Problem to work on »
From the material below, return exactly the lines starting at the one that holds "9284 Willow Lane, Olmsted Falls, OH 44138" and ending at the one that holds "Foto de Departamento". Pictures stay out of the answer.

Input for this task »
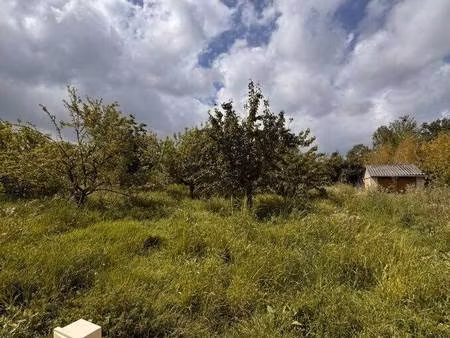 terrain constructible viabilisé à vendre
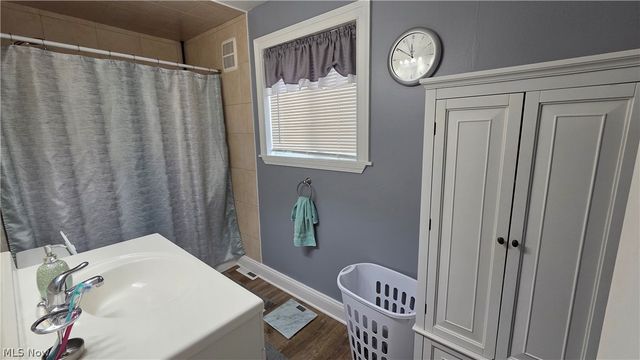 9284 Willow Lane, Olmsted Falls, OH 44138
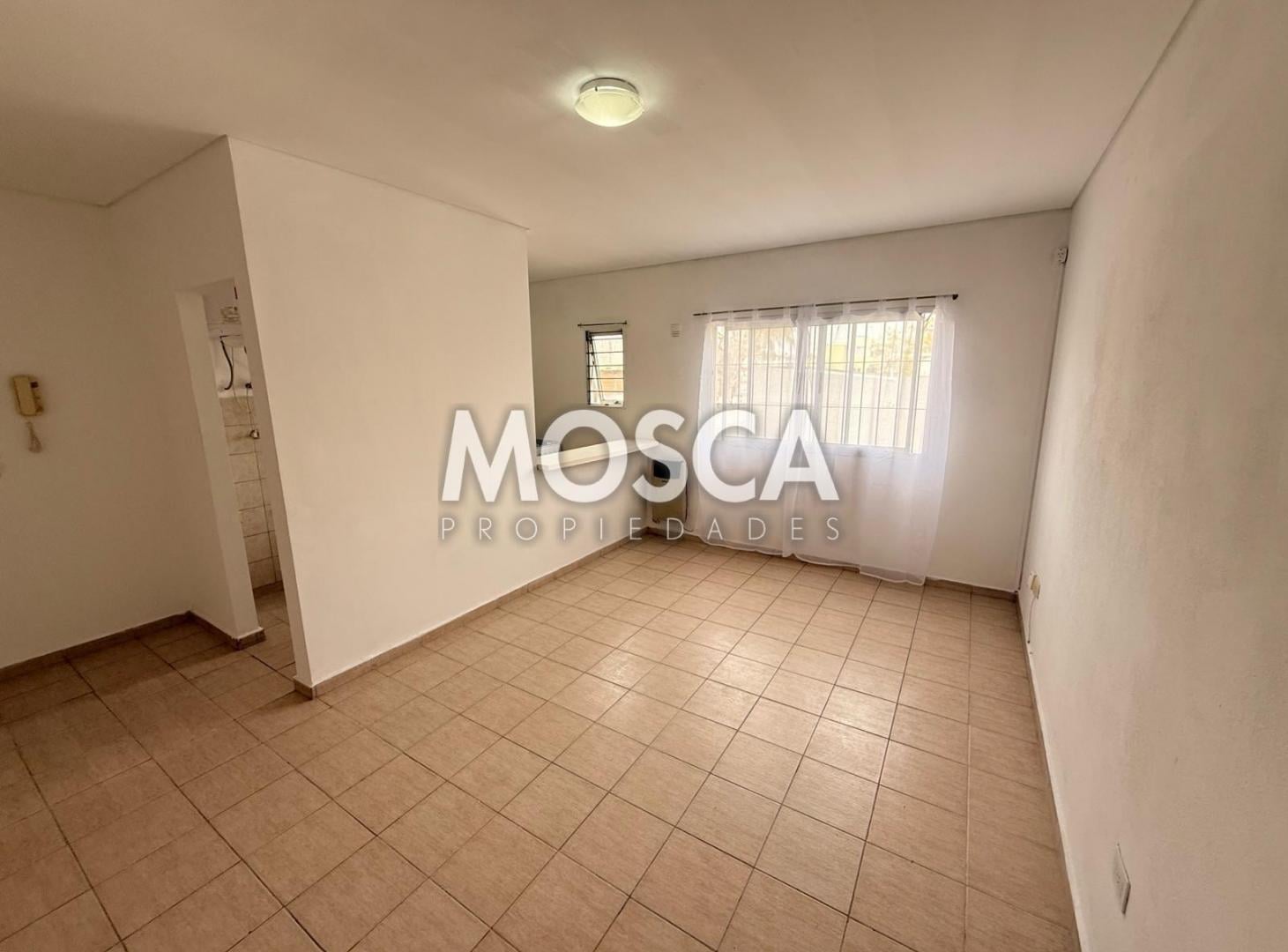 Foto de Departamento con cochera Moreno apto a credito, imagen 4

---

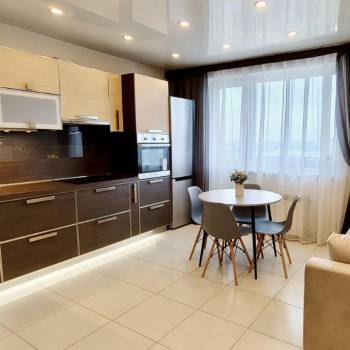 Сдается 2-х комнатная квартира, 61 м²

--

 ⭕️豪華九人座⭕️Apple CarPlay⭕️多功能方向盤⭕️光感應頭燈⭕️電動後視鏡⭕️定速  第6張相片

Problem solution »
 9284 Willow Lane, Olmsted Falls, OH 44138
 Foto de Departamento con cochera Moreno apto a credito, imagen 4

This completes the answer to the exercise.